I have a MongoDB Sharded cluster with a hybrid storage, i.e. some fast SSD and some slower and cheaper spinning rust.
For archiving I like to move some data to the slower disc. For legal reason we have to keep them, they are queried only occasionally.
In principle I would do it like this:
mongo --eval "sh.stopBalancer()" mongos-host:27017
# Repeat below on each shard host:
mongo --eval "db.fsyncLock()" localhost:27018
cp /mongodb/data/collection/3109--6926861682361166404.wt /slow-disc/mongodb/collection/3109--6926861682361166404.wt
ln --force --symbolic /mongodb/data/collection/3109--6926861682361166404.wt /slow-disc/mongodb/collection/3109--6926861682361166404.wt
mongo --eval "db.fsyncUnlock()" localhost:27018
# After all shards are done:
mongo --eval "sh.startBalancer()" mongos-host:27017
The indexes shall remain on the fast disc.

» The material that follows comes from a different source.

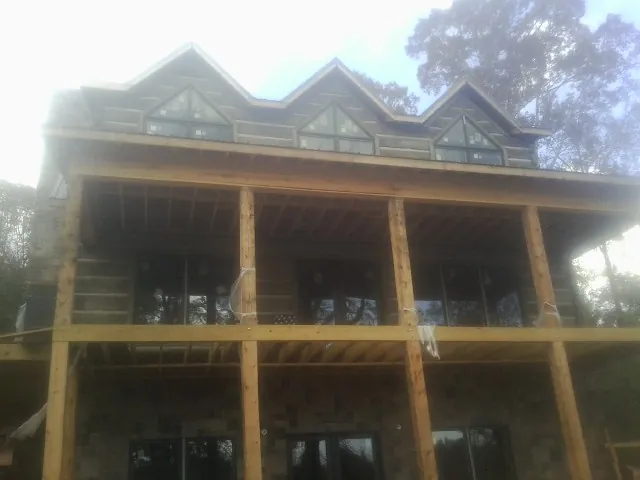 Dormers and porch framing on a large log home under construction — Roof Coating work by our crew in Vilas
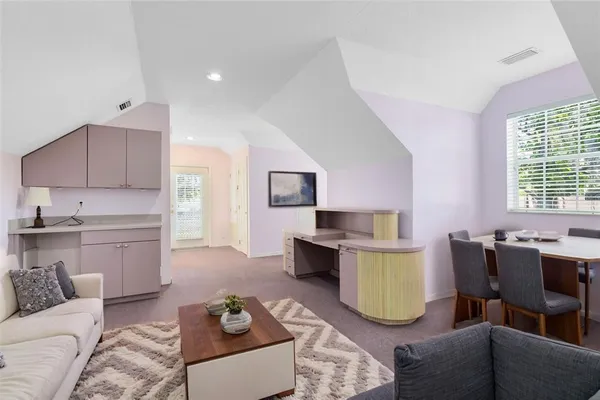 a bedroom with a bed and a cabinets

Would this be a reliable way to archive my data? What happens if the collection is read while move?
Another approach would be a file system like this:
/mongodb/data/collection
/mongodb/data/index
/mongodb/archive/collection -> /slow-disc/mongodb/collection
/mongodb/archive/index
And then move the collection as this:
mongo --eval 'sh.shardCollection("archive.coll", shardKey)' mongos-host:27017
mongodump --uri "mongodb://mongos-host:27017" --db=data --collection=coll --archive=- | mongorestore --uri "mongodb://mongos-host:27017" --nsFrom="data.coll" --nsTo="archive.coll" --archive=-
mongo --eval 'db.getSiblingDB("data").getCollection("coll").drop()' mongos-host:27017
Main disadvantage: the balancer has to distribute the whole data across the shards. It creates additional load on my shared cluster.
Which approach would you recommend?